First, observability needs to be properly defined and tests for observability have to be developed. In the above mentioned example both servers are able to reconstruct the state at the other server based on only local information. However, in an acyclic network, information only flows downstream. Therefore, only the “final” server in the network is able to reconstruct the global state information. The “first” server in the network can not reconstruct anything from the global state. A good starting point might be to use a behavioral approach for dynamical systems as presented in ([#References|references]).
Second, observers need to be designed for arbitrary observable networks. As a small deviation in the measurements due to noise should also lead to a small observer error, a general methodology needs to be developed to arrive at observers which reconstruct the global state, but are not too sensitive to noise.
Related to this is also the stability analysis of distributed policies, since the servers are not necessarily synchronized, which is the next issue to address. This will be joint research with prof. Armbruster (Arizona State University, Tempe, AZ; part-time with Systems Engineering Group, Mechanical Engineering, TU/e), including applications to self-organizing networks. For that purpose, the PhD Student should also stay at Arizona State University, Tempe, AZ, for three months, around the end of his/her second year.

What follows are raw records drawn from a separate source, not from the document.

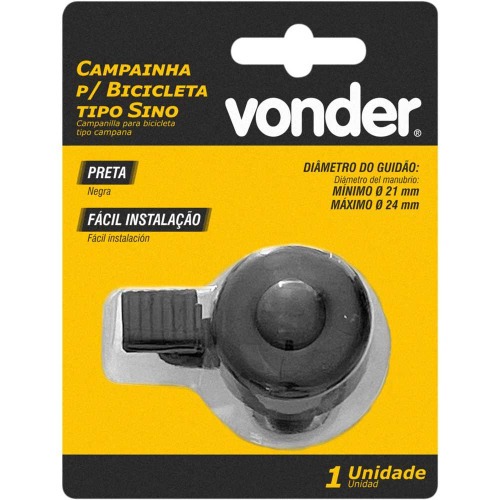 Campainha para bicicleta tipo sino
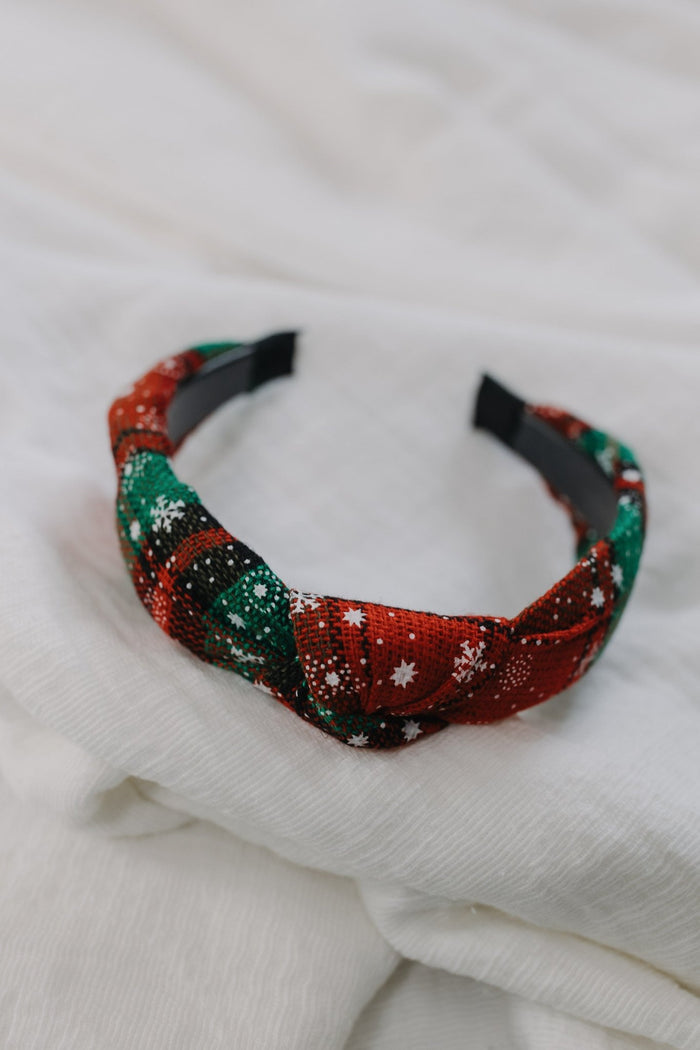 HOLIDAY HEADBAND IN MAPLE LEAF - Love Marlow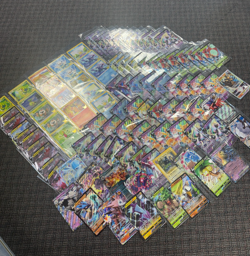 100+ LOT OF NINTENDO POKEMON JUMBO TCG CARDS CHARIZARD SYLVEON ALAKAZAM SLEEVED - Image 2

Finally, distributed controllers should be designed for networks, which is not simply a combination of state feedback controllers and observers. Notice that even though for an acyclic network the “first” server can not reconstruct anything, the “second” server is able to reconstruct the state at the “first” server and therefore might be able to adjust itself properly to the “first” server. Eventually, the entire network might still converge towards desired network behavior.